短い沈黙ののち、彼女はゆっくり首を振った。
「もう、白鳥を殺す必要はない。終わらせたいのは、白鳥の形に世界を合わせてしまう私の視線。それを解体するために、私は描く」
——終わるではなく終わらせる、のですね。
「はい。習慣は自然死しません。手をかけてほどく必要がある」
——解体、とは。
「ほどいて、別の結び方を覚えることです。『価値=美』という結びを解き、『価値=機能』『価値=関係』『価値=時間』……好きに結び直せるように。あなたが口にした美しいという習慣の言葉も、ほどけば、糸はただの糸になります。絡まっていたものは、ほどいた手で結び直せる」
彼女は筆を水に浸し、布で一度だけ水を払った。画面に触れる。細い白が一筋、淡い層の上に置かれ、すぐ周囲へほどけていく。羽でも光でもない、札の跡のような白。

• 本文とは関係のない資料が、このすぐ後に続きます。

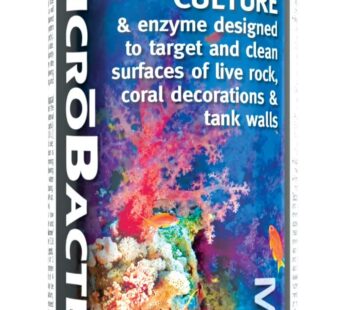 Brightwell Aquatics MicroBacter Clean – Microbial Culture & Enzyme Blend Designed to Targe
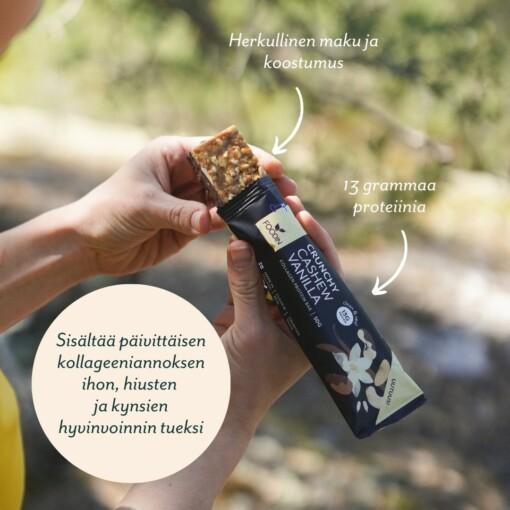 Foodin - Kollagenproteinbar Cashew-vanilj 50g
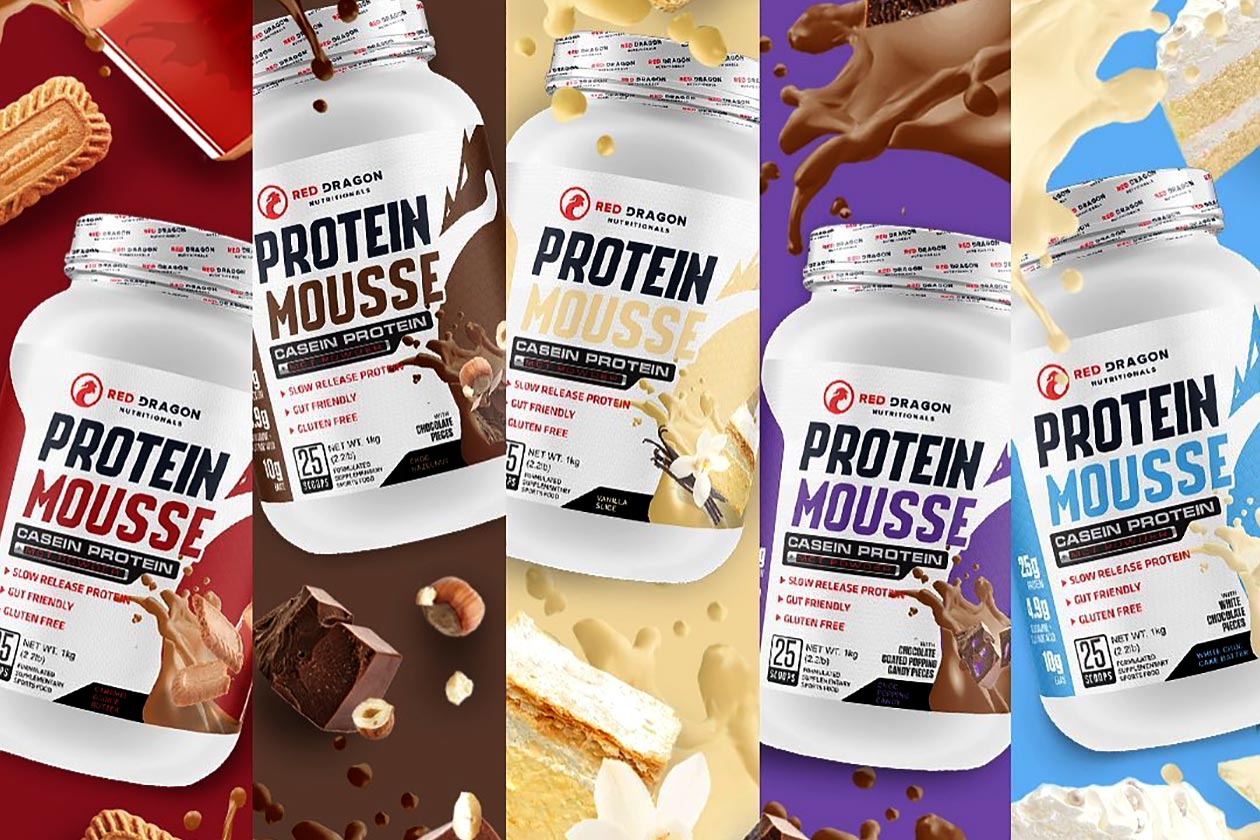 red dragon protein mousse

「見出しは、どうせ美少女画家で踊るでしょう。でも、あなたの文で一本でも誰かの物差しが折れるなら、この話は無駄じゃない」
彼女は筆を洗う。その水の中で、白が静かに溶けた。私はメモ帳の端に走らせた線を見つめ、ペンを持ち直す。最初の一行から美しいを外し、代わりにこう書く。
白鳥のいない絵の前で、一本の物差しが折れた。